Pupils read and write names for shapes that are appropriate for their word reading and spelling.
Pupils draw lines and shapes using a straight edge.
Year 4
statutory requirements
- compare and classify geometric shapes, including quadrilaterals and triangles, based on their properties and sizes
- identify acute and obtuse angles and compare and order angles up to two right angles by size
- identify lines of symmetry in 2-D shapes presented in different orientations
- complete a simple symmetric figure with respect to a specific line of symmetry
Non Statutory Guidance
Pupils continue to classify shapes using geometrical properties, extending to classifying different triangles (e.g. isosceles, equilateral, scalene) and quadrilaterals (e.g. parallelogram, rhombus, trapezium).
Pupils compare and order angles in preparation for using a protractor and compare lengths and angles to decide if a polygon is regular or irregular.
Pupils draw symmetric patterns using a variety of media to become familiar with different orientations of lines of symmetry; and recognise line symmetry in a variety of diagrams, including where the line of symmetry does not dissect the reflected shape.
Cross-curricular and real life connections
Learners will encounter geometry (properties of shapes) in a number of contexts:
Within the art curriculum there are opportunities to connect with geometry: properties of shape, for example, in the requirements the children should be taught to improve their mastery of art and design techniques, including drawing, painting and sculpture with a range of materials (e.g. pencil, charcoal, paint, clay). You could ask the children to make a selection of 3D shapes, such as, spheres, cubes, cuboids and pyramids out of clay and then put them together to make a sculpture of their own design. An activity like this should include a discussion of each shape’s properties, what they can do and where they are seen in real life.
The art curriculum also requires the children to be taught about great artists, architects and designers in history. The Art of Mathematics articles in the Primary Magazine explore the works of many artists. In each article there is a short history of the artist and many mathematical activities to explore through their art work.
Within the design and technology curriculum, the children should be taught the knowledge, understanding and skills needed to design and make things working in a range of relevant contexts. You could give the children opportunities to make packaging for something to be sold. This could involve exploring nets of cubes and cuboids.

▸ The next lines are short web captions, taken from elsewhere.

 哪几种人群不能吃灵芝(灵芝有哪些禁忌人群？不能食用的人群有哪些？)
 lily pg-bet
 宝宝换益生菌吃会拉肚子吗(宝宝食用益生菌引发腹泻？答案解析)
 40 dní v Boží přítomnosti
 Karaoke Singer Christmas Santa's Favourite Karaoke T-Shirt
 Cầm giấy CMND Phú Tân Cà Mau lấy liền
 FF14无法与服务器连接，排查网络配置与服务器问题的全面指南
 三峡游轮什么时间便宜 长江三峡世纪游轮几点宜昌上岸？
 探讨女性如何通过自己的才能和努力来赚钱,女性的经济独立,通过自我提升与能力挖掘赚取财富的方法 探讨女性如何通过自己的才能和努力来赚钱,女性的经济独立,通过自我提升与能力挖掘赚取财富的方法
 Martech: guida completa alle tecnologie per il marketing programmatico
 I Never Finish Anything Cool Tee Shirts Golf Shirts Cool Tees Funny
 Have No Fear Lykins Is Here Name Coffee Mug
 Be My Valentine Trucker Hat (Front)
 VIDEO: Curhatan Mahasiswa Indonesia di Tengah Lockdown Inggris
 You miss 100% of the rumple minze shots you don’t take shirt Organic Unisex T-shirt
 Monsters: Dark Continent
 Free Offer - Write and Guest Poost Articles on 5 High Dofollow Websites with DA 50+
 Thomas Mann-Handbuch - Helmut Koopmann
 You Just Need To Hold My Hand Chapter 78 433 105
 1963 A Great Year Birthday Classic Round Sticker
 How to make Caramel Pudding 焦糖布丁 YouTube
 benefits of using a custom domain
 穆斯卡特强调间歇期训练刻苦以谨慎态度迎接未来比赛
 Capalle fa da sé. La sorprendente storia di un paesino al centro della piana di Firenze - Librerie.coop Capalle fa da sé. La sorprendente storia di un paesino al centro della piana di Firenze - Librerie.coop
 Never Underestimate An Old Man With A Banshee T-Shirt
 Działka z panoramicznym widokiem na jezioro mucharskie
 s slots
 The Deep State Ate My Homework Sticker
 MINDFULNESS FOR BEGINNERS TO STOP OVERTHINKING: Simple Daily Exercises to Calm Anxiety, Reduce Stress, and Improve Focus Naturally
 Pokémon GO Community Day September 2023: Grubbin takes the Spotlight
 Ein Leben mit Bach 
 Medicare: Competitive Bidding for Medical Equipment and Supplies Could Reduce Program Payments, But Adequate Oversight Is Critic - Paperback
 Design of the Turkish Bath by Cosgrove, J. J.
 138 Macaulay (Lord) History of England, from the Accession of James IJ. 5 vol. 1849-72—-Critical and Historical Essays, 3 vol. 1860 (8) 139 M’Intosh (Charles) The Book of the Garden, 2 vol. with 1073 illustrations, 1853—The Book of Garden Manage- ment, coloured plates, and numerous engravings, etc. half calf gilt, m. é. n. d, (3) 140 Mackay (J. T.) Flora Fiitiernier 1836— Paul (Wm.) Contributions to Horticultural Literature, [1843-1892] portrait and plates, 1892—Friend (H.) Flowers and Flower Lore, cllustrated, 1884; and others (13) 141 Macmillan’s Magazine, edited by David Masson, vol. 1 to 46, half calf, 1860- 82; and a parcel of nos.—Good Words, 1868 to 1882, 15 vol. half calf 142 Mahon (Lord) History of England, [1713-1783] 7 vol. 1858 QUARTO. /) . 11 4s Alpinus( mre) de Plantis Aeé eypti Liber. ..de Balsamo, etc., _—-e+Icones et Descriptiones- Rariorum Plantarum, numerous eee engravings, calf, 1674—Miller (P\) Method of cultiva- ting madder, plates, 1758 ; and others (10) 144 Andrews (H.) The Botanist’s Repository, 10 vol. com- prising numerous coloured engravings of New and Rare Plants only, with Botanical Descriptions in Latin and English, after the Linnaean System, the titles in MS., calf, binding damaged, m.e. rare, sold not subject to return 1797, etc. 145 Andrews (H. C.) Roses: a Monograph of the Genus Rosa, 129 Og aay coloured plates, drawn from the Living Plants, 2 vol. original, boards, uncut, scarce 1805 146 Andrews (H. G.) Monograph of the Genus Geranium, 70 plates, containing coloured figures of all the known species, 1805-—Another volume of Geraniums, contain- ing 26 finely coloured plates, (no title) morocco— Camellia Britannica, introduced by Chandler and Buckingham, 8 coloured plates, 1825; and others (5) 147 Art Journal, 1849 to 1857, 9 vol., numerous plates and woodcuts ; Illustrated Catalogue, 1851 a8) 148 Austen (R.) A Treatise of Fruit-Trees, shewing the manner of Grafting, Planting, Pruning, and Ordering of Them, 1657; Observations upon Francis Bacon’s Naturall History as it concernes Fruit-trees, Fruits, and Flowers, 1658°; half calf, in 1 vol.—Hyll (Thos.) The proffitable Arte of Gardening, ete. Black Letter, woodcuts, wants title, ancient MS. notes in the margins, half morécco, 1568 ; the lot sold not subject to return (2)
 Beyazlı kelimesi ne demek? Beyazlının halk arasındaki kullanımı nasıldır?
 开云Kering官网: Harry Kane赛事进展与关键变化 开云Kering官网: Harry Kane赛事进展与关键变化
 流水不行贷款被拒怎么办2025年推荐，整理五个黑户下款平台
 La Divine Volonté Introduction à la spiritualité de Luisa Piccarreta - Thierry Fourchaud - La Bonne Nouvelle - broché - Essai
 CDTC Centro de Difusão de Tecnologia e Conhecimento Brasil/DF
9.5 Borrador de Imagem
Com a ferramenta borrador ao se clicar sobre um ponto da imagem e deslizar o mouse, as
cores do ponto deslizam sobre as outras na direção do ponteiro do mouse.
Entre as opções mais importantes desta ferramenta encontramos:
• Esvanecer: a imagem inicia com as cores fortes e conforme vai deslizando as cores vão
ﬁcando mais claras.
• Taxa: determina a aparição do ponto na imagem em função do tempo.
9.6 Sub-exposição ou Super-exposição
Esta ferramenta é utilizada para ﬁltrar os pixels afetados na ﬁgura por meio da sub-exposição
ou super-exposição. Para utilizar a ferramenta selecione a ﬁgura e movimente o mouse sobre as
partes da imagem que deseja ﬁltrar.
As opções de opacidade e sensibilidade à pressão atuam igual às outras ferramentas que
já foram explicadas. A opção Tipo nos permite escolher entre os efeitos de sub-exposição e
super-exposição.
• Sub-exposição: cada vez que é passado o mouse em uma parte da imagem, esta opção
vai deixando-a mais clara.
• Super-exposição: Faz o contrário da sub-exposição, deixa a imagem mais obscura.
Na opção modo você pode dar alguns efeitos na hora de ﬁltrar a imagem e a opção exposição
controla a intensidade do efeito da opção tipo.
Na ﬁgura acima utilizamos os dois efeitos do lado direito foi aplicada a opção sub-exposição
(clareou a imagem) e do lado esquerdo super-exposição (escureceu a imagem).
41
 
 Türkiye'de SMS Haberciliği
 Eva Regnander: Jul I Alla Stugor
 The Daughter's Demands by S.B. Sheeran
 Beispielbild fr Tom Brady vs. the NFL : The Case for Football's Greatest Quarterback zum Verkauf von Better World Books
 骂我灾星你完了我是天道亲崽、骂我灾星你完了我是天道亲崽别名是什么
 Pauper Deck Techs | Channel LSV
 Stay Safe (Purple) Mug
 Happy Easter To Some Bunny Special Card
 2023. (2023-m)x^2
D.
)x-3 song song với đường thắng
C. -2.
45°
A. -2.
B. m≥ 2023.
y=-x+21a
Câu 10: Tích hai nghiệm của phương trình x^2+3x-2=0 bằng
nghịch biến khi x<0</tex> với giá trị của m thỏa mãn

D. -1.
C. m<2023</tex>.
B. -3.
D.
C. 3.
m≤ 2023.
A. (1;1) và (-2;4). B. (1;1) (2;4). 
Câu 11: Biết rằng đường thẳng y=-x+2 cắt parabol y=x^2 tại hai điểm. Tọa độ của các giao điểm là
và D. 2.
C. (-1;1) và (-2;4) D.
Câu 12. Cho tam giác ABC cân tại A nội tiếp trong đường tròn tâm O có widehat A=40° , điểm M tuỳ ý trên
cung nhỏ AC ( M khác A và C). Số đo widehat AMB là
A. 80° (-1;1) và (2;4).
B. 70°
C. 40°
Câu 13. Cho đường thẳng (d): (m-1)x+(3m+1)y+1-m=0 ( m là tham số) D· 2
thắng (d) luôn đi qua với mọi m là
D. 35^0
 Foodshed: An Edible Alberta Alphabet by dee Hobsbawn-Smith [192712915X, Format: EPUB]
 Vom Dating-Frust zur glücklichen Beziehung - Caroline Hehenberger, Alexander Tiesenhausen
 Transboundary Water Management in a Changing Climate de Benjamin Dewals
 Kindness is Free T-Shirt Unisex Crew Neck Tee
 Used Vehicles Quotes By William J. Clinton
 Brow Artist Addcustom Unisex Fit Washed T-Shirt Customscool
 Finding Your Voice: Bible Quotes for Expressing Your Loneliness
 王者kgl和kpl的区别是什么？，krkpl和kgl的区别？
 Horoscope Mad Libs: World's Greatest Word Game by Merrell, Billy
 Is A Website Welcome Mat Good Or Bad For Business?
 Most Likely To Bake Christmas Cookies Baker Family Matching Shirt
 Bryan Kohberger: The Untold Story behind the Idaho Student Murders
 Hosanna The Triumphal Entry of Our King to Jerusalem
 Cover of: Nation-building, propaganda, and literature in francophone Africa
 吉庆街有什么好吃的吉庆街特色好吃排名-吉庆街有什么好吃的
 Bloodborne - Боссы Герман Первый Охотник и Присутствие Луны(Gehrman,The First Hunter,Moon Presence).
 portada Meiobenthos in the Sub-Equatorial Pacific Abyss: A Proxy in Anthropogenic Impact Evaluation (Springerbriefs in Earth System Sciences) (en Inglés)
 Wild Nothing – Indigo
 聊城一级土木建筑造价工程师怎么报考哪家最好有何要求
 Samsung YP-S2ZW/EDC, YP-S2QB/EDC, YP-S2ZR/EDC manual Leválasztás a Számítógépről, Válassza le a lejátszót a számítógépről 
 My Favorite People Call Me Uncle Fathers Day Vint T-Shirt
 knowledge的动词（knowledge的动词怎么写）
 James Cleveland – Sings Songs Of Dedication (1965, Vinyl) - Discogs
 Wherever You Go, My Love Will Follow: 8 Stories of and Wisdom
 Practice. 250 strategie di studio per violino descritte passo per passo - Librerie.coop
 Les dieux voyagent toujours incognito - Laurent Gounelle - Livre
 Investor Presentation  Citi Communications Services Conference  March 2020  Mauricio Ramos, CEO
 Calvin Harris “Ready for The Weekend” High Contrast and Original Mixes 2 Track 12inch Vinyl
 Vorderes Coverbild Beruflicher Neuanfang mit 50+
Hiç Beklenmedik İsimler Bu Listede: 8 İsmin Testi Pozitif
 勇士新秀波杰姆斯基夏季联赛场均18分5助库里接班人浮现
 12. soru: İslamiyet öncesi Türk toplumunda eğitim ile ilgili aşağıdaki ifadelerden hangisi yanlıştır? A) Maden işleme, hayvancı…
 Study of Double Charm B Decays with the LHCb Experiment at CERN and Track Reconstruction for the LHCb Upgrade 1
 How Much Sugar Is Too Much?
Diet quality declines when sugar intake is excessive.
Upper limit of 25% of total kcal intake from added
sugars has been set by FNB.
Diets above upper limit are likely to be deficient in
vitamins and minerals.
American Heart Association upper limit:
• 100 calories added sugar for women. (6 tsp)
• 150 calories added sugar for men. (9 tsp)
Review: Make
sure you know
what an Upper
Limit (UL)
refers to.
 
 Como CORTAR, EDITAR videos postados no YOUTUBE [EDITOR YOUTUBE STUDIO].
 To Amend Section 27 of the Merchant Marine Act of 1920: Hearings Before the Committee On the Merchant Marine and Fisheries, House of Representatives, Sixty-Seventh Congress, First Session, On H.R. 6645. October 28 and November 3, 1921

In real life, shape and pattern are everywhere. You could ask the children to explore shape in their environment. What 3D shapes can they see in the classroom? What 2D shapes can they see in patterns? You could follow the ideas on Islamic patterns in The Art of Mathematics in issue 13 of the Primary Magazine. You could show the children the works of famous artists such as Mondrian and Kandinsky and ask the children to explore the shapes that they can see, the angles, parallel and perpendicular lines and so on. The Art of Mathematics in the Primary Magazine provides a useful resource for this.
| Programme of study statements | Activities | |||
| A | B | C | D | |
| draw 2-D shapes and make 3-D shapes using modelling materials; recognise 3-D shapes in different orientations and describe them | ||||
| recognise that angles are a property of shape or a description of a turn | ||||
| identify right angles, recognise that two right angles make a half-turn, three make three quarters of a turn and four a complete turn; identify whether angles are greater than or less than a right angle | ||||
| identify horizontal and vertical lines and pairs of perpendicular and parallel lines | ||||
Activity set A
You could ask the children to make a repeating pattern by drawing squares or equilateral triangles in different orientations.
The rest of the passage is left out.